**What you are asked to do**
Leave the pictures out. Retype exactly the lines below from the one containing "Jardineras 2 unidades" through the one containing "Ein unscheinbares Gebäude", and no others.

**Records provided**
.....

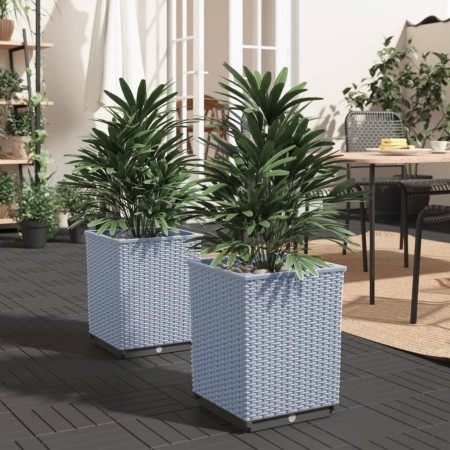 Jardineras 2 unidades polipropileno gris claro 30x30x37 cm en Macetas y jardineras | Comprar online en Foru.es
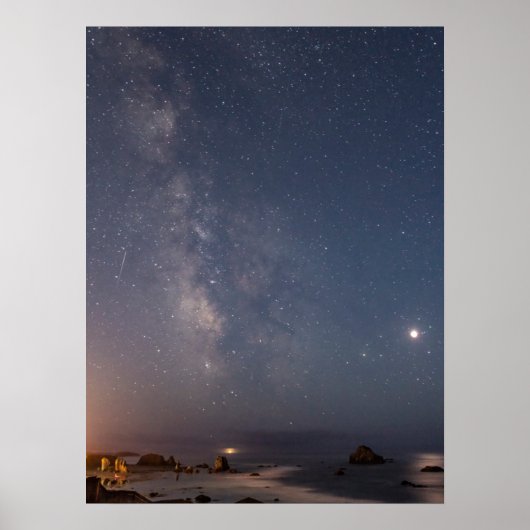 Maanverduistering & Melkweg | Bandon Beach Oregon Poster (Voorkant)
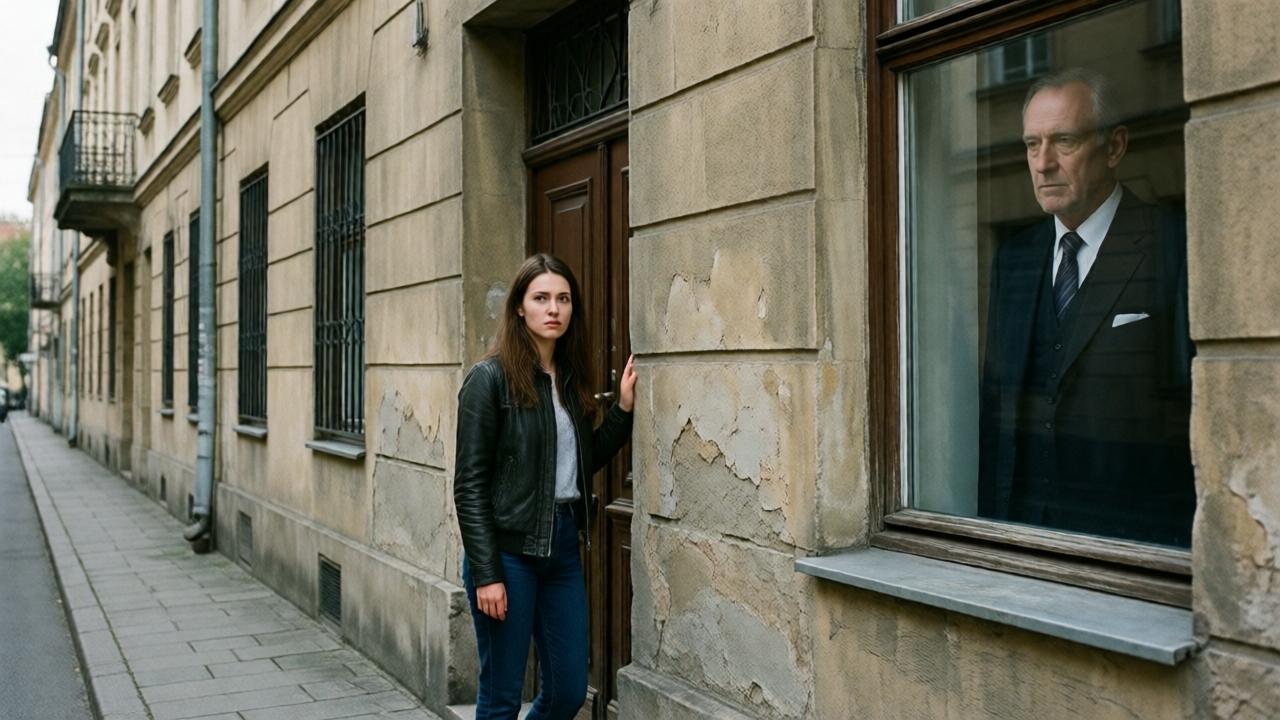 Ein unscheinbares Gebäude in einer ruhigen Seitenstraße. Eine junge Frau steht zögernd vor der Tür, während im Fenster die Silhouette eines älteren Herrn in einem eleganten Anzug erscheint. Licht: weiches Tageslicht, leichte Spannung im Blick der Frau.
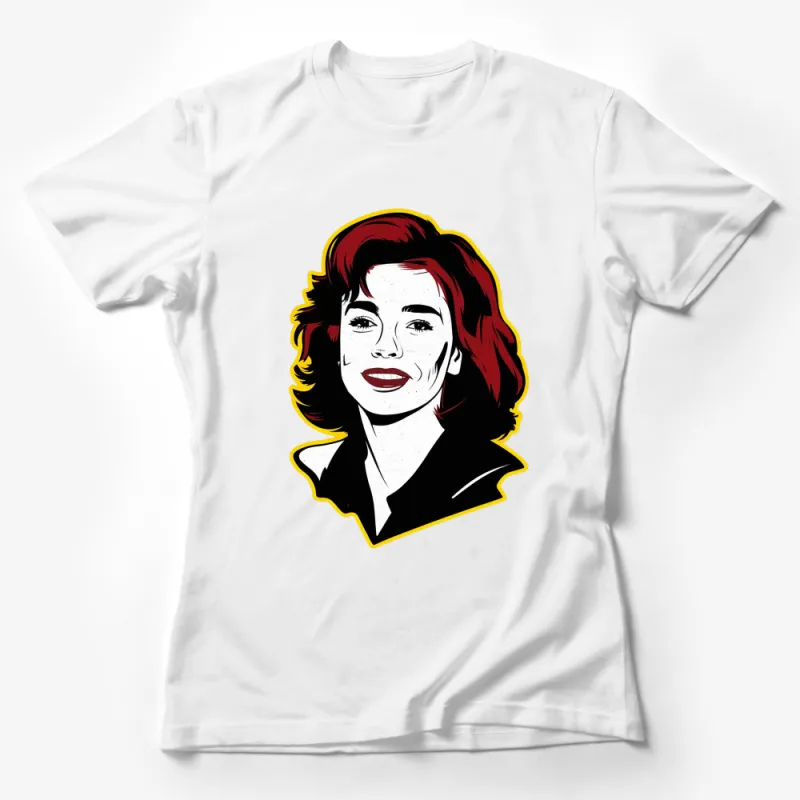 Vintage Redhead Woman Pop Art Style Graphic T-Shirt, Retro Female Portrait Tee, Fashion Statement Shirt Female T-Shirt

.....

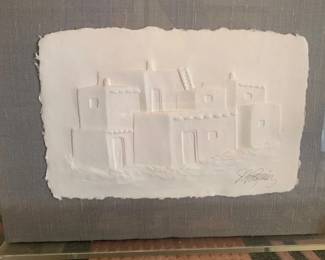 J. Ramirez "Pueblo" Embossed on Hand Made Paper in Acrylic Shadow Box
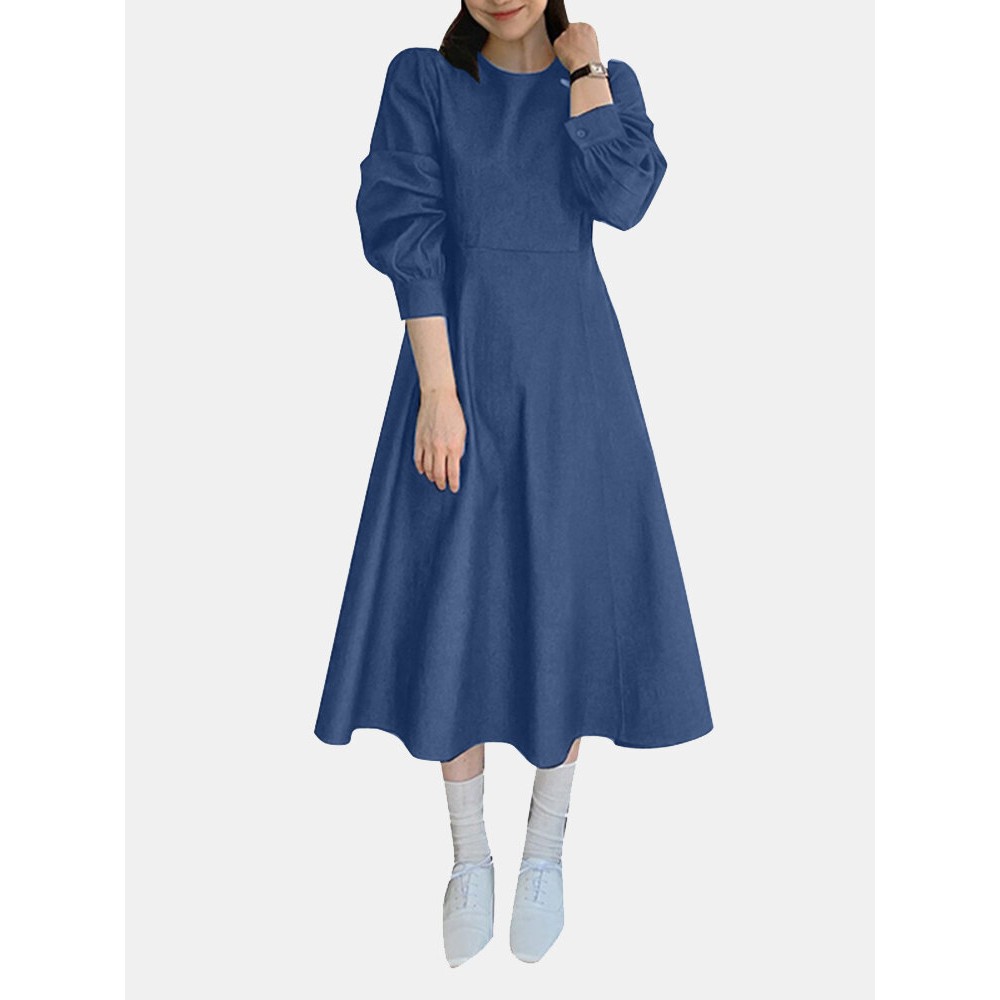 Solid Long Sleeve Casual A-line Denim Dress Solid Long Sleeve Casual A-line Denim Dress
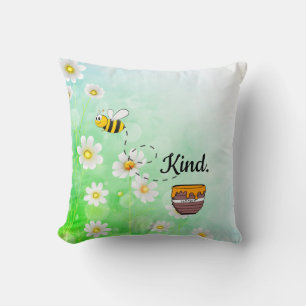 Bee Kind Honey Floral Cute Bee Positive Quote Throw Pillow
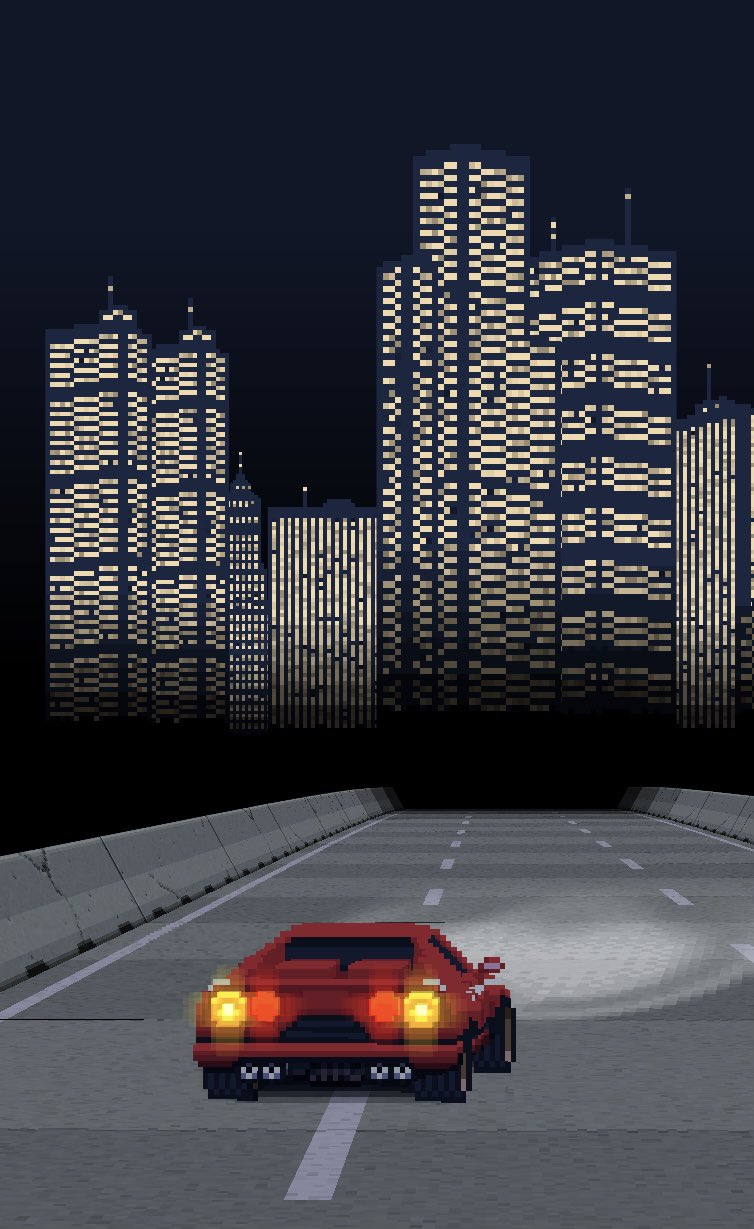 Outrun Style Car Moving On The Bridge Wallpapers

.....

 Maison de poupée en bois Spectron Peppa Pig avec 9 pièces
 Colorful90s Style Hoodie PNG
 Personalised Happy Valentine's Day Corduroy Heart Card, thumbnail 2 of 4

.....

**Problem solution**
 Jardineras 2 unidades polipropileno gris claro 30x30x37 cm en Macetas y jardineras | Comprar online en Foru.es
 Maanverduistering & Melkweg | Bandon Beach Oregon Poster (Voorkant)
 Ein unscheinbares Gebäude in einer ruhigen Seitenstraße. Eine junge Frau steht zögernd vor der Tür, während im Fenster die Silhouette eines älteren Herrn in einem eleganten Anzug erscheint. Licht: weiches Tageslicht, leichte Spannung im Blick der Frau.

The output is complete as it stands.